Basically a White Russian
For a cocktail using the Windspiel Barrel Aged Potato Vodka I decided to stick to a classic vodka cocktail recipe. I took the White Russian and since I am not especially keen on cream in my cocktails, just replaced it with buttermilk. Also a coffee liqueur would just squash the delicate smoke and vanilla aroma of the vodka. This is why I stuck to the Tempus Fugit Créme De Cacao. With its refined vanilla taste it underlines the subtle notes of the vodka instead of overpowering them. To round everything off, I decided to coat the inside of the glass with a little bit of apricot eau de vie. The goal here is to use just as much that you will only notice its absence in a drink mad without it.
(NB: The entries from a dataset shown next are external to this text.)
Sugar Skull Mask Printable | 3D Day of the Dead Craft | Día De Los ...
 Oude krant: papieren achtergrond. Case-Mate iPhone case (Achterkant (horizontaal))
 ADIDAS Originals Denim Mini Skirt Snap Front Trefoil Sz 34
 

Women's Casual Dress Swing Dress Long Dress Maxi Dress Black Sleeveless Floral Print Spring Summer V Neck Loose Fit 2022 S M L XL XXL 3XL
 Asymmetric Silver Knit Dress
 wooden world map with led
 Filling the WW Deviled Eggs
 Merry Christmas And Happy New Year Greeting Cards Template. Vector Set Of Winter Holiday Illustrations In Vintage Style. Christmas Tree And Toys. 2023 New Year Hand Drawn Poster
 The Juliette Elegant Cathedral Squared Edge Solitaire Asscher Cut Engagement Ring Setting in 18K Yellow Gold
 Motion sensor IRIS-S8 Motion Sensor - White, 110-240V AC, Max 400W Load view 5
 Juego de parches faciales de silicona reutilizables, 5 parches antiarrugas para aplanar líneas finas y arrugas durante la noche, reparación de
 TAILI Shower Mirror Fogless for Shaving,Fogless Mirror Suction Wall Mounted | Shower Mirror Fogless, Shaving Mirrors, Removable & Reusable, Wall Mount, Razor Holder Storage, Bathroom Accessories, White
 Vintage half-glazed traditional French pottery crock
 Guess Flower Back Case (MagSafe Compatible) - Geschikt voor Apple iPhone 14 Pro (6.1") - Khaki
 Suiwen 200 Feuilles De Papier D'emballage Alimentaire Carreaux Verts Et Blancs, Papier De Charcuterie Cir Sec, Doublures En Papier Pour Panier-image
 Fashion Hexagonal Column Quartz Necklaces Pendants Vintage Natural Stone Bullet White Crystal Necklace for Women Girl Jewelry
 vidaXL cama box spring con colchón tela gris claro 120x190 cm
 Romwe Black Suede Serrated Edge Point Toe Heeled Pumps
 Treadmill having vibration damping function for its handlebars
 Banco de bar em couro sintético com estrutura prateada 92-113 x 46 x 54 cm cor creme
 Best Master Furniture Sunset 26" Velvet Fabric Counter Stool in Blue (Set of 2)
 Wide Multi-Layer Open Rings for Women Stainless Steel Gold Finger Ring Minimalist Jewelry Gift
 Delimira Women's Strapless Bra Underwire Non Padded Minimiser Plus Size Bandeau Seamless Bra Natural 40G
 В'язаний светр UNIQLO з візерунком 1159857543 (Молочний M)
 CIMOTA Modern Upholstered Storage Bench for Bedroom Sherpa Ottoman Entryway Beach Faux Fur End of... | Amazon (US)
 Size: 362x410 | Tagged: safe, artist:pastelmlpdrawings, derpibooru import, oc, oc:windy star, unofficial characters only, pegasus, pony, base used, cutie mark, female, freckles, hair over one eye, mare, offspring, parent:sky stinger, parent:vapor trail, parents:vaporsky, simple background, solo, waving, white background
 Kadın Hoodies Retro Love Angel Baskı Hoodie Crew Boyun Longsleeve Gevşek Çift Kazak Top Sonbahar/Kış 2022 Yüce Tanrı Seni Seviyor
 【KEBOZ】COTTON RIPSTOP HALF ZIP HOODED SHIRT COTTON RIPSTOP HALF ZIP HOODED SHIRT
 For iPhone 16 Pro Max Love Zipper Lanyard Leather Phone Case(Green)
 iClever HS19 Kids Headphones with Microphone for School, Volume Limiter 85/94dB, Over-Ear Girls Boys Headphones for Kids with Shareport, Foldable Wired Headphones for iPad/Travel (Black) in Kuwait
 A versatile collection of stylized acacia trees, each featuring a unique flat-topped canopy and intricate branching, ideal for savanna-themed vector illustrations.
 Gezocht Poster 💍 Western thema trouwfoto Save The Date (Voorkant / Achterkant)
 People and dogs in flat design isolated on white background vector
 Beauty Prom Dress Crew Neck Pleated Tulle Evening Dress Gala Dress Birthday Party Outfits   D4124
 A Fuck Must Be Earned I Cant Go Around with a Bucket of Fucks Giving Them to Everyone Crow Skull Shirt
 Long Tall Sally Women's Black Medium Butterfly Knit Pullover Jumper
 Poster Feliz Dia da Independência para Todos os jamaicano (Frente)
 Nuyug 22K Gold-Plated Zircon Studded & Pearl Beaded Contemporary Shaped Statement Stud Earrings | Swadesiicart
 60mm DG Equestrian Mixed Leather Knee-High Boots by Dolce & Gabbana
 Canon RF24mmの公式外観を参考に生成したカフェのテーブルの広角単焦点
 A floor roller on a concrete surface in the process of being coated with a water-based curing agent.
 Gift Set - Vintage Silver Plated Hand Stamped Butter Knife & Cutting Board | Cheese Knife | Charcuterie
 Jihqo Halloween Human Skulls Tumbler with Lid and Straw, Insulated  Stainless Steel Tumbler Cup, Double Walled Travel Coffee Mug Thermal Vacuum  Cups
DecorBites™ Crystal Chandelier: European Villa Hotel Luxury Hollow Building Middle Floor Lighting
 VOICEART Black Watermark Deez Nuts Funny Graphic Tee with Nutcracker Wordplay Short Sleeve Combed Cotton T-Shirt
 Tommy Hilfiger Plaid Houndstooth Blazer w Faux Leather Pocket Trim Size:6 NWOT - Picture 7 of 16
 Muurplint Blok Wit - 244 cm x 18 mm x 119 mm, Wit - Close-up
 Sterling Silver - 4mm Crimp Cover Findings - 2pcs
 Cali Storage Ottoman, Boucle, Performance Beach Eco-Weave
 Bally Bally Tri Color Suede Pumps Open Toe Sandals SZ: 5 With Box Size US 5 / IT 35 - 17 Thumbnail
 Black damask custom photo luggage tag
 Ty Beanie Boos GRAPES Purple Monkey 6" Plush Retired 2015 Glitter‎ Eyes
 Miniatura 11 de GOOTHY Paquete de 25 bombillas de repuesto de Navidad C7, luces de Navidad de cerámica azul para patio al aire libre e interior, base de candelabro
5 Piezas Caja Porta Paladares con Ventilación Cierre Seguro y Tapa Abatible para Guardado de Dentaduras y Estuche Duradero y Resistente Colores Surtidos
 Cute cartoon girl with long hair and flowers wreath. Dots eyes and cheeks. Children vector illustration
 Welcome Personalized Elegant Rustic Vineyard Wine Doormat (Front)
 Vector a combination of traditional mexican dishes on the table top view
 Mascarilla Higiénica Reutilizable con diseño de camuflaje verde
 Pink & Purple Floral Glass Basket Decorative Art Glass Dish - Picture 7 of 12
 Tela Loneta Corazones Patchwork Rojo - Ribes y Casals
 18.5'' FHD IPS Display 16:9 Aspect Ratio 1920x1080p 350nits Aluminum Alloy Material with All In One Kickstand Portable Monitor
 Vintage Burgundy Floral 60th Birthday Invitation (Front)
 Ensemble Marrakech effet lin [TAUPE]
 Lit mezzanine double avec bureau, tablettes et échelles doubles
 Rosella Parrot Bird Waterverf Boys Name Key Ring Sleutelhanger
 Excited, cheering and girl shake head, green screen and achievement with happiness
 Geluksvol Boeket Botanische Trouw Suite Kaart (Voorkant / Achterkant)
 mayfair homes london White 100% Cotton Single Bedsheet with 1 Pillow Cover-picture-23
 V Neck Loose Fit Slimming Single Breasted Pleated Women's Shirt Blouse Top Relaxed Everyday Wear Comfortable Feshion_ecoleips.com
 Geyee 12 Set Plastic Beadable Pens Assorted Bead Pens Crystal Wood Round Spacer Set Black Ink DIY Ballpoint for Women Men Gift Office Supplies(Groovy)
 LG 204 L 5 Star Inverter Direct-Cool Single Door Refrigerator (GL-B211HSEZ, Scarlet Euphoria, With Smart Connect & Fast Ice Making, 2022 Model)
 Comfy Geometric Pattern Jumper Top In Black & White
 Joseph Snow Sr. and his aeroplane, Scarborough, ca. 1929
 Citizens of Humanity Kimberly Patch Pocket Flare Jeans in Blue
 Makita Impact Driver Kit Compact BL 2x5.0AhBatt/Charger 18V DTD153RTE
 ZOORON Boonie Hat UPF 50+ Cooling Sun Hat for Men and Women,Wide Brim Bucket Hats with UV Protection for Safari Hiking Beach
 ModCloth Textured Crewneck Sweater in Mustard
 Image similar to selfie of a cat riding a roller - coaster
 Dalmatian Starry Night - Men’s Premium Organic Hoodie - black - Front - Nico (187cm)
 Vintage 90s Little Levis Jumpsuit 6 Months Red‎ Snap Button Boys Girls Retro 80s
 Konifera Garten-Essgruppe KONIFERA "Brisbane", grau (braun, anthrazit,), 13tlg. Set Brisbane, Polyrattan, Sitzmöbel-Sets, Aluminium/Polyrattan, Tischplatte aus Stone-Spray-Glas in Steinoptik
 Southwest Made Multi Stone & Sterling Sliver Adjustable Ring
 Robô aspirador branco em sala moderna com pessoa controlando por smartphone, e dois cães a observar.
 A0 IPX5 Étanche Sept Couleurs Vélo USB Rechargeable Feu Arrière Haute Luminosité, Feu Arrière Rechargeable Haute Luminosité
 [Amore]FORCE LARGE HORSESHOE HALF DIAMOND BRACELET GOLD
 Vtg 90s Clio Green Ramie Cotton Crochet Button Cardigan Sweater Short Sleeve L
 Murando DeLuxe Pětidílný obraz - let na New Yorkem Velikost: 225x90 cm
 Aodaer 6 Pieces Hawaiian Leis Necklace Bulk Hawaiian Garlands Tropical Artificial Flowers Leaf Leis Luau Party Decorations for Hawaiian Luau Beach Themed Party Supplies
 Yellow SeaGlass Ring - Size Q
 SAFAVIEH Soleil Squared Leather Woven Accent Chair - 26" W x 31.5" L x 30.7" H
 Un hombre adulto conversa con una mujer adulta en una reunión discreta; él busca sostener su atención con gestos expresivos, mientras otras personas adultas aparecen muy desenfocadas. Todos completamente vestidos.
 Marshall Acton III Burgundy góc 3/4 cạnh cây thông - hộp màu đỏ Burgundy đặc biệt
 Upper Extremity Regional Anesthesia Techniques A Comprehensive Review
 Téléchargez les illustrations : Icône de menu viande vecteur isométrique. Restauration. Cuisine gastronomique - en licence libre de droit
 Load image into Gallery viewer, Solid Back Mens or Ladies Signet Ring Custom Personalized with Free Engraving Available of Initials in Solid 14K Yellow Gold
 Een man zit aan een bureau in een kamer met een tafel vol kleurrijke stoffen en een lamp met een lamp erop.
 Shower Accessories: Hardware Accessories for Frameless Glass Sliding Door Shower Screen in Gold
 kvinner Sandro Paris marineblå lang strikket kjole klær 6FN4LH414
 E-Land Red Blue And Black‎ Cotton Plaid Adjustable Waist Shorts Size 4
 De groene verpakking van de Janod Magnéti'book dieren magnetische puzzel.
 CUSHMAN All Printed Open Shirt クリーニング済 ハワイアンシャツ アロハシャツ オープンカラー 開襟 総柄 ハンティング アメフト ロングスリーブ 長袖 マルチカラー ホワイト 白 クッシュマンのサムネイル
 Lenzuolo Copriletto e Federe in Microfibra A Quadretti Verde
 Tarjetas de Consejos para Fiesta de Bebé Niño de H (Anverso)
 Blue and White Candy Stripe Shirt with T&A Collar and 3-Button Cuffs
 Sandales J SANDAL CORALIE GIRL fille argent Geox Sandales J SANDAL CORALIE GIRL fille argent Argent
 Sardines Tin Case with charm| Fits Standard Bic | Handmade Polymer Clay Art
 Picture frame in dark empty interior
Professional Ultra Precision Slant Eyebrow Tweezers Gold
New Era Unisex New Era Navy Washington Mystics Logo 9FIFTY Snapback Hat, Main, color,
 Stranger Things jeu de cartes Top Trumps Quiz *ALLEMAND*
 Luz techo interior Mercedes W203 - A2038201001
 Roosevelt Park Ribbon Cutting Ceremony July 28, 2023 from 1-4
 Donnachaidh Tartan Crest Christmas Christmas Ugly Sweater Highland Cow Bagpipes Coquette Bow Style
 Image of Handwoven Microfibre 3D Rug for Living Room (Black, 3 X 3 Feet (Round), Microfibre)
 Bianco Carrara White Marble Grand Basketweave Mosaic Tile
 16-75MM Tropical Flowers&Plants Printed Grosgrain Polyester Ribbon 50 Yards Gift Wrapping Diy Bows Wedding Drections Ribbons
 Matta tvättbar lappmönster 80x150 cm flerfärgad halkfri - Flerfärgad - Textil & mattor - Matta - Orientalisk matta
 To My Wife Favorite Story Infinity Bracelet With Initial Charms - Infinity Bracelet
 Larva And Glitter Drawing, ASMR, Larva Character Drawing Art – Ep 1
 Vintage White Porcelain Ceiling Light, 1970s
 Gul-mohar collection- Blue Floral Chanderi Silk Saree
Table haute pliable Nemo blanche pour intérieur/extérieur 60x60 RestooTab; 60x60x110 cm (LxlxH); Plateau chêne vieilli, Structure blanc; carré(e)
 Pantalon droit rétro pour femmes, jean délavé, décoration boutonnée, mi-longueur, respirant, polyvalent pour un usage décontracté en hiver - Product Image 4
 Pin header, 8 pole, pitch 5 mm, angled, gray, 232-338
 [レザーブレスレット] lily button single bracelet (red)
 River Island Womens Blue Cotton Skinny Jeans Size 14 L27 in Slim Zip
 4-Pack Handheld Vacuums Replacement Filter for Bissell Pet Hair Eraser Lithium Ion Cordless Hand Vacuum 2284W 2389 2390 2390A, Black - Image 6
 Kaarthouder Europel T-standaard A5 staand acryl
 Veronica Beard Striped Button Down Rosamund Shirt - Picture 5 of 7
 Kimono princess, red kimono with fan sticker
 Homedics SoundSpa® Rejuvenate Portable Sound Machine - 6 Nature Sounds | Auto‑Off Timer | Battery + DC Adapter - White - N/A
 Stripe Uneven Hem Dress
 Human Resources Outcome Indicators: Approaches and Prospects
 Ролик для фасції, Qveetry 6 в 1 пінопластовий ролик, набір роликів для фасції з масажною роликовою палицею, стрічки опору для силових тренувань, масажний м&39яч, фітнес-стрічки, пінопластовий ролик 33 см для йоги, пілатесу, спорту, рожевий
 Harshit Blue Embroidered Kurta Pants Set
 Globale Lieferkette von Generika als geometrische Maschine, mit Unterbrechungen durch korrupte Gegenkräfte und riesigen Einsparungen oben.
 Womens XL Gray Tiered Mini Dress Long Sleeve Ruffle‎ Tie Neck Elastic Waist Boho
Shake with ice – strain – 2nd shaker – shake without ice – fill – chilled Old-Fashioned glass;
Garnish: Flamed Orange Peel (No drop)
Song: L’Orange & Stik Figa – Monochrome
The drink starts off with beautiful orange, apricot and vanilla aromas which are present in the sip, too. On top of that, there is a noticeable sweetness accompanied by white chocolate and cacao notes. Even the slight smokiness of the vodka is transferred into the cocktail. Besides the great mouth feel, you will also notice a creamy aftertaste with cacao, fruit, vanilla and bonfire flavours. All in all, this is an excellent Summer variation of a White Russian.